__What this task involves__. Search the records below for "Pouch" and copy every line it turns up in.

▬▬▬▬▬▬▬▬▬▬

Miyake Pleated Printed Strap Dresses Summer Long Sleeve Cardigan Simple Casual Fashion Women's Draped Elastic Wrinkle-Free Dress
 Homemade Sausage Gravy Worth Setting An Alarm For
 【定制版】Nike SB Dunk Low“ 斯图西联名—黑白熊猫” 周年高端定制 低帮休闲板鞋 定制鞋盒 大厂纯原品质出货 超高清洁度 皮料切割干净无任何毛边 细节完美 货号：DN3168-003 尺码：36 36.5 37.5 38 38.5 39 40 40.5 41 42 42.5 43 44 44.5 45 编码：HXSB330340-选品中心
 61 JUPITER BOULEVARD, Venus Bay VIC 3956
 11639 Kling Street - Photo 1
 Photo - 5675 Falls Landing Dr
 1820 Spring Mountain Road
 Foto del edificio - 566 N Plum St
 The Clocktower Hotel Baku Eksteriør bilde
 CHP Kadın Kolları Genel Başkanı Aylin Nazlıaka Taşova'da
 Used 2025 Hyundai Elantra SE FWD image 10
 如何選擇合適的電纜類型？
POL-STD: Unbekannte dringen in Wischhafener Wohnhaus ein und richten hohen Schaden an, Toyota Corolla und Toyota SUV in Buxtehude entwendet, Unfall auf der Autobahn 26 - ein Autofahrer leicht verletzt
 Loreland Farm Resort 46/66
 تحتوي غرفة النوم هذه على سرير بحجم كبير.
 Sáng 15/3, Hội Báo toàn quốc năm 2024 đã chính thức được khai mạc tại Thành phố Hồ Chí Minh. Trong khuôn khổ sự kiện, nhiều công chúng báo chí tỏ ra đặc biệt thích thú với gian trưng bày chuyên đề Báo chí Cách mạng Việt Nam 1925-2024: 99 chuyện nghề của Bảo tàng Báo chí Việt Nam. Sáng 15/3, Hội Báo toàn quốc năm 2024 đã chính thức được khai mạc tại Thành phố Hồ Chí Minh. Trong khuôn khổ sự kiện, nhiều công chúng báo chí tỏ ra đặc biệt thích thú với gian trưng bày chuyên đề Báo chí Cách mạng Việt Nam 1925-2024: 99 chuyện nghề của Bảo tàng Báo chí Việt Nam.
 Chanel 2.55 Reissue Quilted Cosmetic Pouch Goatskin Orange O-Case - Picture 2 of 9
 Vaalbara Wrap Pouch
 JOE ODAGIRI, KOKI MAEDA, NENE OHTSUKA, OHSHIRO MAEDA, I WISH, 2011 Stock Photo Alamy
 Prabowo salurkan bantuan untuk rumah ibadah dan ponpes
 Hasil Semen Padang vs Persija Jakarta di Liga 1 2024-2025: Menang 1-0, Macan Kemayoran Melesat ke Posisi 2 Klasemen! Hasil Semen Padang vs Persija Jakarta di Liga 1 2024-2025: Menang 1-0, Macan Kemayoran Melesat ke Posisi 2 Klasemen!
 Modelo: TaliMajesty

▬▬▬▬▬▬▬▬▬▬

__Answer space__.
 Chanel 2.55 Reissue Quilted Cosmetic Pouch Goatskin Orange O-Case - Picture 2 of 9
 Vaalbara Wrap Pouch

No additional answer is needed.